Holy chaos and the Prince of Peace

Posted: Wednesday, December 22, 2010

"...The angel said to them, "Do not be afraid. I bring you good news of great joy that will be for all the people."

//

- Luke 2:10-14

I hope you are making plans to join us for the second annual Community Candlelight Service at the Columbia County amphitheater on Thursday at 6:30 p.m. I am excited about the opportunity to worship together as a community as we celebrate freely and joyfully the reason for the season.
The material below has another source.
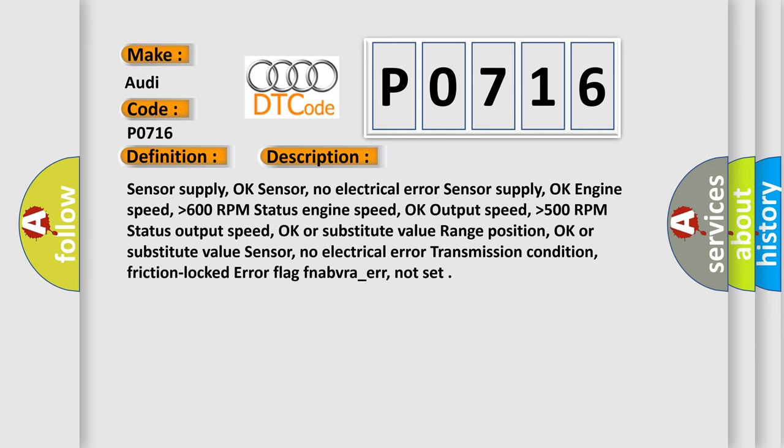Sensor no electrical error, transmission condition friction lock, error flag FNAB VRA underscore ER not set.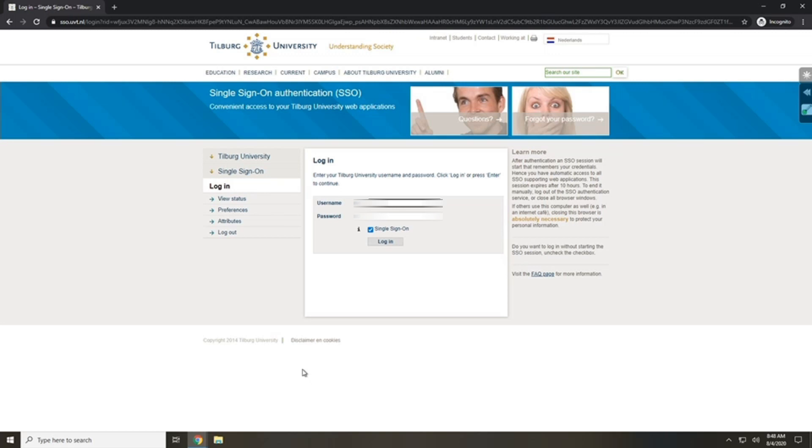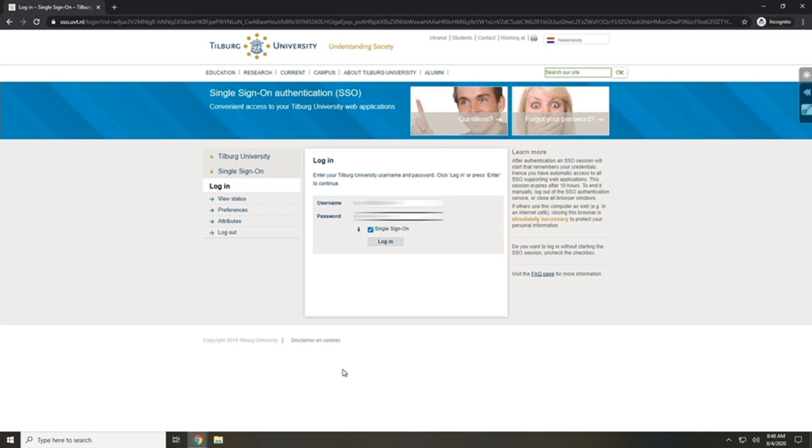Now you have to log in with your username and your password. You're only able to log in once you've activated your Tilburg University account. Fill in your username and password and click on login.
I realize that some of you reading this are already all "planned out." It is ironic that this season of great joy, great hope and great peace is most often celebrated in our country with great busy-ness, great anxiety and great clutter. We mail cards, buy gifts, bake cookies, send pictures, plan dinners. We brave mobs of shoppers. We endure the decorating and argue over the tree. We sit through concerts and parties, waiting for Christmas to get here so we can get it over with. Emotionally, physically, psychologically, most of us are done by now. And it isn't even Christmas yet.

As A.W. Tozer once said, "Christ came to bring peace and we celebrate his coming by making peace impossible for six weeks of each year."

Still, given the alternative, I am thankful in a way for the chaos of this holiday season. Too many others around the world don't have our luxury. They worship quietly in house churches and back rooms, keeping faith at great risk to their very lives. Politics, religion and culture conspire against followers of Jesus in many countries of the world, making the free practice of faith a difficult challenge.

Remembering them even as we enter our own "holy chaos" is a great privilege. In fact, remembering them strikes at the very heart of Christmas, a day for celebrating the Prince of Peace. After all, those who are connected to the cross are connected to us. Isn't it Jesus himself who reminded us that when one suffers, we all suffer? When the angels ushered in the great news of Christ's coming, didn't they say it would be for all the people?

At our Community Candlelight Service this year, we will take time to remember those for whom the free expression of worship is still a future hope. We will offer prayers in the languages of several countries where Christianity is most often repressed, and we will remember the courage of those who struggle to keep the faith as we light our own candles in the darkness.

I hope to see you at the amphitheater on Thursday. And wherever you celebrate the reason for the season this year, I hope you will pray together with us that Jesus Christ, the Light of the World and the Prince of Peace, will be able to shine into every land and on every person.

(Carolyn Moore is pastor of Mosaic United Methodist Church in Evans.)